The hybrid generator can cost two to three times as much as a conventional diesel generator, but with a payback time of only one and a half to two years, it is actually a money-saver. “That’s based both upon the money saved through reduced fuel consumption and the longer lifecycle of the HyGen,” says Landon. “Durability testing has shown that HyGen can last as long as five to ten years.”
When fully commercialized, the HyGen has the potential to make generating electricity less resource-intensive and to replace many of the millions of diesels generators in use, such as those powering remote cell phone towers. “Companies all over the world are putting in cell towers in remote areas that lack electrical grids,” says Landon. Some estimates put the number of cell towers powered 24/7 by diesel at over 600,000, with more than 300,000 more scheduled for installation by 2019.
Replacing all of the diesel generators powering those towers with the HyGen “would reduce cell tower diesel consumption by about 80 percent, and lower the environmental impact of these towers,” says Landon.
Applying hybrid technology to diesel generators is not as revolutionary as what it enables.
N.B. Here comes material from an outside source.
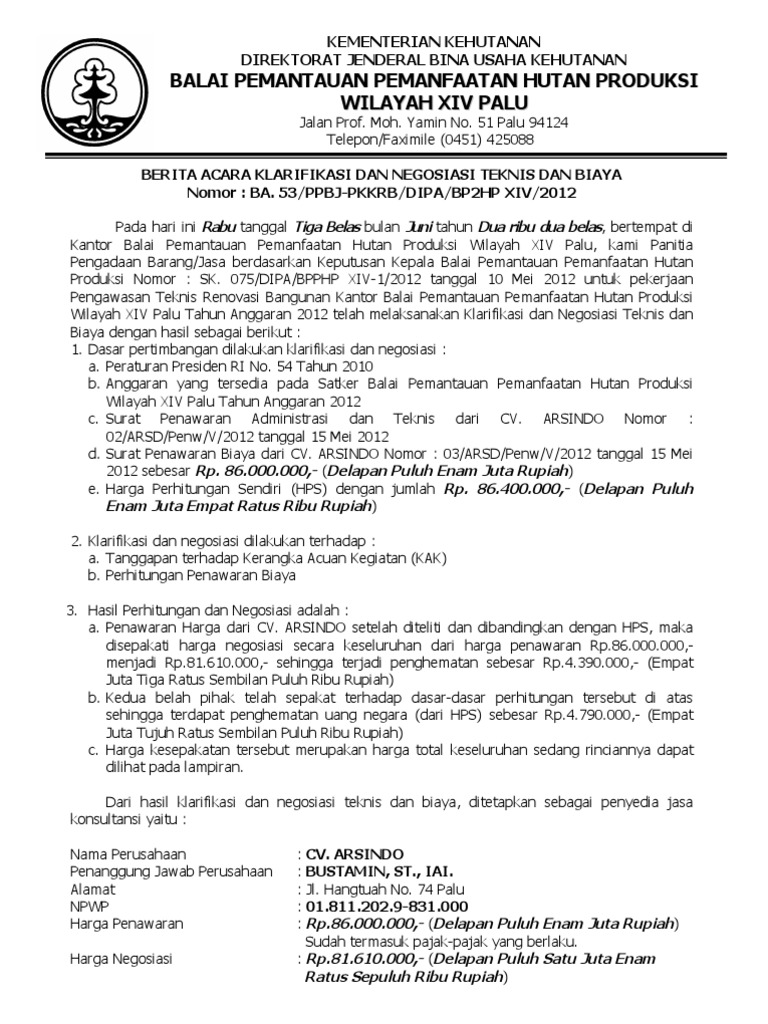Ba Klarifikasi Dan Negosiasi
We’re going to keep developing this technology until we get to the point where small hybrid generation systems can be just as reliable and even lower-cost than big power grids. That is what’s revolutionary. We’re starting small, where people are not yet connected to the grid; but what we’re driving towards is a distributed renewable energy infrastructure that no longer requires big power plants and a power grid.
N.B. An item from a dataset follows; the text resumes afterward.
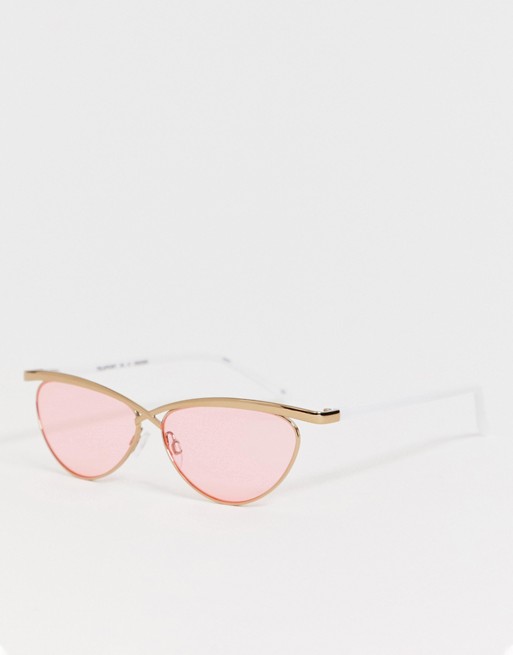 Le Specs teleport ya round sunglasses in pink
Our solution enables people and companies that currently use diesel fuel to power their generators to make the same amount of fuel last much longer and to expand their existing infrastructure faster. So whether it’s for telecommunications or for homes or factories, if you can’t get power, you can’t do anything. Even just to be healthy you need refrigeration. All these basic needs of moving from poverty to the middle class require a lot of energy. Our solution helps make that possible faster, because it requires fewer resources to generate comparable amounts of power.
The typical design process for a new product proceeds serially from engineering through design, analysis, and drawings to manufacturing. To produce a working prototype for the U.S. Navy, however, Planetary Power had to follow an aggressive schedule that required its engineering team to design and prototype concurrently. “We built the prototype from a 3D model and used a 3D printer to iteratively fabricate the prototype directly from that without ever generating 2D drawings,” says Landon. This rapid, iterative process reduced development time and cost. “By going through the process of modeling, printing plastic prototypes, and then immediately assessing our progress and making any necessary changes, we were able to cut months off of our development time and save hundreds of thousands of dollars.”